Основное геополитическое свойство России, по замечанию итальянского русиста В. Страды, — ее «диффузность». Мы до сих пор недостаточно отдаем себе отчет в том, что Россия создана ее стремительной экспансией на Восток, стихийным и могучим движением русских от центра своего государства к его периферии. В глубине русской души вечно живет порыв, устремленность за горизонты видимого и изведанного. Пустыни и скиты, странничество и казачья вольница, поиски Китежа, Никанского царства и Беловодья, вечные искания правды и счастья — все это вехи на карте невидимой, но подлинно сущей «другой России». Правящие верхи империи почти не обращали внимания на этот фундаментальный факт русской истории и фактически замалчивали его. Они не имели ни интеллектуальных средств, ни самого желания осмыслить значение диффузной природы «российского мира» хотя бы потому, что попытка такого осмысления потребовала бы отказа от установки на идеологическую интерпретацию действительности, на подчинение жизни универсальным принципам, нормам и схемам. Со своей стороны я осмелюсь утверждать, что именно «расползание» Руси, которые было одновременно и созиданием России, являлось подлинной основой русской идентичности, которая, действительно, плохо ладит с «объединяющей идеей», зато весьма благоприятствует исканиям и новаторству.
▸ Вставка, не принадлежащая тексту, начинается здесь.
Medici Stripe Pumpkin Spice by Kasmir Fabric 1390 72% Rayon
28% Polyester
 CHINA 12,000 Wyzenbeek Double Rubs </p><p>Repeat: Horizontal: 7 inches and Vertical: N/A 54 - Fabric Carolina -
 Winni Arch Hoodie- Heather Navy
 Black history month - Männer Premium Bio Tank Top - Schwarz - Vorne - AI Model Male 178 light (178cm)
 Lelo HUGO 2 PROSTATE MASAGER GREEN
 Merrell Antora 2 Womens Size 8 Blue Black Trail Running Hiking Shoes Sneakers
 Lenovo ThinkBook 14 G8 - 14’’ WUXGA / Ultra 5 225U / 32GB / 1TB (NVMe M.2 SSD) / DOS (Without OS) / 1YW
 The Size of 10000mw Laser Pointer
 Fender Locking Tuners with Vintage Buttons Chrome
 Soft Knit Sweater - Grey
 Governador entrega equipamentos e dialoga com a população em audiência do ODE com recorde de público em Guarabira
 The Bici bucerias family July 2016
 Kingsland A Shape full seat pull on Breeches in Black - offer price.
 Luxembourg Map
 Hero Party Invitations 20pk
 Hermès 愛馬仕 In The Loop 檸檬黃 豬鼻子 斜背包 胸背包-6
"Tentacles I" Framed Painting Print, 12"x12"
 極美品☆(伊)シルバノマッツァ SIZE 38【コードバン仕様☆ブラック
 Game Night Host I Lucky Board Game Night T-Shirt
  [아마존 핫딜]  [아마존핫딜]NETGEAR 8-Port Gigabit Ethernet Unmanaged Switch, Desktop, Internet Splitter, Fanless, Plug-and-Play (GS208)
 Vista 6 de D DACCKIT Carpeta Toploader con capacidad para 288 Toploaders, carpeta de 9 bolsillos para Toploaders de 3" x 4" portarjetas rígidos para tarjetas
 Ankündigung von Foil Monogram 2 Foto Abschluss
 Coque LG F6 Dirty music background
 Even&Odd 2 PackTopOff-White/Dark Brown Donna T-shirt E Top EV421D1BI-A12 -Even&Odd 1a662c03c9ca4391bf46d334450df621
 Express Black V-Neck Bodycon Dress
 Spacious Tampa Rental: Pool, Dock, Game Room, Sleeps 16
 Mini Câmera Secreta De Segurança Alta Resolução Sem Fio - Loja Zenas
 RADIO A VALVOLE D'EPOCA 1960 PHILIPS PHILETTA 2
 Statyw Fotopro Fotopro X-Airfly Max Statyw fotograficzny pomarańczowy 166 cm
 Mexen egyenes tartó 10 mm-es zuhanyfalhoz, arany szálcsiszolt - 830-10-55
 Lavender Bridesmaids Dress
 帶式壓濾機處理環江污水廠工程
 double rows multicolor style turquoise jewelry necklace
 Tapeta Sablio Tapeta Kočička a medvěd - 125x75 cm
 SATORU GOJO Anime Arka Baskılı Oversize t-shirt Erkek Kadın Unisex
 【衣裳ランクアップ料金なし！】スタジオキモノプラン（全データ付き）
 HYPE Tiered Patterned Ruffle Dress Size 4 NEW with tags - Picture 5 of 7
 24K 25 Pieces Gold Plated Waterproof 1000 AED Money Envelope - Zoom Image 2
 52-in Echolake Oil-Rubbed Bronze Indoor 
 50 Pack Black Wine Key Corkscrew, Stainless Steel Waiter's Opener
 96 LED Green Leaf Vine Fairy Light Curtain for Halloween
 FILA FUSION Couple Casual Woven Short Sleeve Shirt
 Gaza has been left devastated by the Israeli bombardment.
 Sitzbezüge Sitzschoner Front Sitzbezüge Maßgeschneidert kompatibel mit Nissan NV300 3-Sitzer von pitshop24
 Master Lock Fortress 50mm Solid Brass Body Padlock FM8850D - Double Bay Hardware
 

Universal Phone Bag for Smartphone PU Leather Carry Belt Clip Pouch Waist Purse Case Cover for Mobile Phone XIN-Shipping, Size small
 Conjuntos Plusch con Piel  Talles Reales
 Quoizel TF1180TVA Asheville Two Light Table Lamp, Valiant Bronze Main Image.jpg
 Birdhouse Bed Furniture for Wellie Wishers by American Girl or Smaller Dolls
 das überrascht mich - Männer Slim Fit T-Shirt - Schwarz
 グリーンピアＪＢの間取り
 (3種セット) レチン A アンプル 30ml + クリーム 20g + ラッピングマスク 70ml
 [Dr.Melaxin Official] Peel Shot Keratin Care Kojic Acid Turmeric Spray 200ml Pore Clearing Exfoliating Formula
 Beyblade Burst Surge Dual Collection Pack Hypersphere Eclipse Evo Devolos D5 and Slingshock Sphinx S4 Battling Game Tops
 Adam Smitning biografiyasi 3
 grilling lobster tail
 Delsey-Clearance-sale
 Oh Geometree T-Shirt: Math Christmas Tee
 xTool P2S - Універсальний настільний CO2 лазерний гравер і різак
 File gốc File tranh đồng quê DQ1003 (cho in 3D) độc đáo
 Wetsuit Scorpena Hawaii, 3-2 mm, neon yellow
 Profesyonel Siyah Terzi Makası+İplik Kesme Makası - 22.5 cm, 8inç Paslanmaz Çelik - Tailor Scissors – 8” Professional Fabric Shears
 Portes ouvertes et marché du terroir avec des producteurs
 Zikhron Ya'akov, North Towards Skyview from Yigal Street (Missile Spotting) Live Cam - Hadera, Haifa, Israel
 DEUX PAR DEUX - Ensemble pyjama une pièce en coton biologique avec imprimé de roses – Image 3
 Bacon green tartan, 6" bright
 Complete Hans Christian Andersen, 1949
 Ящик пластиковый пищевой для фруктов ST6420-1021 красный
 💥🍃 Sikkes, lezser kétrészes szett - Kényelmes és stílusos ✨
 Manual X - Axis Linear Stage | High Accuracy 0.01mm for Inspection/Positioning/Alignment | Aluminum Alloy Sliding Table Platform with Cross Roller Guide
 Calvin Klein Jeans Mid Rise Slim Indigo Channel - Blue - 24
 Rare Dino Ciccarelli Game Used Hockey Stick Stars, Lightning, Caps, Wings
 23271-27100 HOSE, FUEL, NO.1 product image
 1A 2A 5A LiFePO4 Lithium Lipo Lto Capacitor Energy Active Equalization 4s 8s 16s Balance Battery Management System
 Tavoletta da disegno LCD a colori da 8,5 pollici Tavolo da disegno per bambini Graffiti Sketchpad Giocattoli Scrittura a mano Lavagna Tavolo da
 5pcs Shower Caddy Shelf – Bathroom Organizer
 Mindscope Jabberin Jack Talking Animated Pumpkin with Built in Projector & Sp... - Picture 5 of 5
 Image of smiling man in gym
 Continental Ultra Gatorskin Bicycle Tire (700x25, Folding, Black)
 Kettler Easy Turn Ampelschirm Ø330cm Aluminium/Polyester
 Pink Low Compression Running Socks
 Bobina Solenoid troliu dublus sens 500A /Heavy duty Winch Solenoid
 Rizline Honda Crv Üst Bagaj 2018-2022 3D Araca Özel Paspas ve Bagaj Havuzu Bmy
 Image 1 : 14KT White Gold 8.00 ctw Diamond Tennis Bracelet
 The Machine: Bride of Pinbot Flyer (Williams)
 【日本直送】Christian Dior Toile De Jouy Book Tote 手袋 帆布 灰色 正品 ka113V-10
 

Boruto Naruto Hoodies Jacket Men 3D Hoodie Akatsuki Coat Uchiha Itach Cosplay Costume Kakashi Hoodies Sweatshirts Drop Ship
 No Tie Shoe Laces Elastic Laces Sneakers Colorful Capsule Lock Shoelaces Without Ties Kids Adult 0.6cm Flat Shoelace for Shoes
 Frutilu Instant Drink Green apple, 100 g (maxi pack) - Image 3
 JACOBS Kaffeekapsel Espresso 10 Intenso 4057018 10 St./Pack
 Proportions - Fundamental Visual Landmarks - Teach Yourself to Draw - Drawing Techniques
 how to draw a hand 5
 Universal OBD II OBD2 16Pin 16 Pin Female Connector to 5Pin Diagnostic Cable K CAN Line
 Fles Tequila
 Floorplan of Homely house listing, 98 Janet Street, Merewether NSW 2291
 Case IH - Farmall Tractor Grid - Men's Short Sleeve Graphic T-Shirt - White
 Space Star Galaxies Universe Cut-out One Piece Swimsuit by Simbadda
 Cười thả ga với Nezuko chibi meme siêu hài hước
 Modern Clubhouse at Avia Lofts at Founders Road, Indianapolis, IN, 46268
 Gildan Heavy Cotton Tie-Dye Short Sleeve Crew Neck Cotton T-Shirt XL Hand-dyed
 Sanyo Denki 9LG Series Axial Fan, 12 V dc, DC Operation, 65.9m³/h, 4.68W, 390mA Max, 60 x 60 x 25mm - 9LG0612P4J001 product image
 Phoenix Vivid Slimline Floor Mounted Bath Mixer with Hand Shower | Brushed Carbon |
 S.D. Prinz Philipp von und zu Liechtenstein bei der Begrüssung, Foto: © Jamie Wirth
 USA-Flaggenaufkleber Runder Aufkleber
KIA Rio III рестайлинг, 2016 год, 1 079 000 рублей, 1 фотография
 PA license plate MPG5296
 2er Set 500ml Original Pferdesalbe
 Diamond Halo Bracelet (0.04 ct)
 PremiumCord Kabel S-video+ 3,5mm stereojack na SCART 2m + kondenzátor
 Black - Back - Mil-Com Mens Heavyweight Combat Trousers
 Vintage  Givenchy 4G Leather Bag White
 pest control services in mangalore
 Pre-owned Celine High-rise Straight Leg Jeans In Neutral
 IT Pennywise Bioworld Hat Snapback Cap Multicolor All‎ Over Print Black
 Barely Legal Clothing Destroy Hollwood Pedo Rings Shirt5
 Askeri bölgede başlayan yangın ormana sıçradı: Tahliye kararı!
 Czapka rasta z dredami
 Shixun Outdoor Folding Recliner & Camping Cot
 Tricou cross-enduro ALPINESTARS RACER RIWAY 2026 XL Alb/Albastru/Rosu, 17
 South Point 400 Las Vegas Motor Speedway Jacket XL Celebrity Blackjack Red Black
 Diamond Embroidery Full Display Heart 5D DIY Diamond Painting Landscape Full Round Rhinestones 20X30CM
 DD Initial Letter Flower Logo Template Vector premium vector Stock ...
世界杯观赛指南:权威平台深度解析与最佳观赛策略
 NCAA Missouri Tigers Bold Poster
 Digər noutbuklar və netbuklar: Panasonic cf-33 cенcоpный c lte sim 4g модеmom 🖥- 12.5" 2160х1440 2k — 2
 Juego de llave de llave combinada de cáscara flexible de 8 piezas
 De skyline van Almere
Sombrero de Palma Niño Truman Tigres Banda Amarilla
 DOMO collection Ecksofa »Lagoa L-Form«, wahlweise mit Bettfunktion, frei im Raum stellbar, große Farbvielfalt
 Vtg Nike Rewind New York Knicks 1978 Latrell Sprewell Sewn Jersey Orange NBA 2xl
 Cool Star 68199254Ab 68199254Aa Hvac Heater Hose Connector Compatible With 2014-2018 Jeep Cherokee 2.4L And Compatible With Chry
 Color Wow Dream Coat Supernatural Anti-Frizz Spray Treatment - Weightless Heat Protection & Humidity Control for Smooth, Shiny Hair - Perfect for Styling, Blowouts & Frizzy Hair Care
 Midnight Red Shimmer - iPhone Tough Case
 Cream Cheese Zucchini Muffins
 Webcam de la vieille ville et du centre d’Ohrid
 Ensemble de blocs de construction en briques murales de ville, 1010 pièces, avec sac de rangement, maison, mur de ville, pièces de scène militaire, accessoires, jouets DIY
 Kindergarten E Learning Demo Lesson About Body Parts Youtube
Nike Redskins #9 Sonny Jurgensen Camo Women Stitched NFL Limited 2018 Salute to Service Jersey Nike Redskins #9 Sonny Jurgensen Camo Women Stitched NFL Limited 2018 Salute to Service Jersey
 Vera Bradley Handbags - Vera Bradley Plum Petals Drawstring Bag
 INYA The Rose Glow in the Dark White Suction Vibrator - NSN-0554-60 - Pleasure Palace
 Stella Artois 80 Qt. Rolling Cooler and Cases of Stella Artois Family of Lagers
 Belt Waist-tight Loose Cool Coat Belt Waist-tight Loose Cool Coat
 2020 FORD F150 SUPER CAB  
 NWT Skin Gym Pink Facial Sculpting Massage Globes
В духовном ландшафте культуры остров выступает как прообраз той инаковости, которая указывает на сокровенный, неведомый и потому подлинный фокус культурной идентичности. В мифологии древних народов остров — это обитель душ умерших предков, которая может превратиться в страну бессмертных небожителей (как было в Китае) или даже в рай (вспомним известный рассказ новгородского архиепископа Василия Калики о том, что новгородские мореходы доподлинно видели райский остров). В Новое время остров становится самым подходящим местом для идеального общества (как у Т. Мора и других утопистов) или для идеальной социализации (как в романах Даниэля Дефо и Руссо). Для характеристики русской ментальности наиболее показательны легенды о Беловодье, которое чаще всего представляли в виде островов, затерянных в Восточном море. Напомню наиболее типичные черты быта Беловодья: там сохранилось «древнее благочестие», но туда никого не пускают (что, вероятно, означает требование полного духовного очищения), русские там в меньшинстве (по некоторым сведением — лишь около четверти населения), а все говорят и пишут на «сирском языке» ((Касательно легенд о Беловодье см. К.В. Чистов, Русская народная утопия. СПб: Наука, 2003)). Впрочем, есть в блаженней стране и одна чисто русская черта быта — конечно, экстремальная: зимой там царят лютые морозы.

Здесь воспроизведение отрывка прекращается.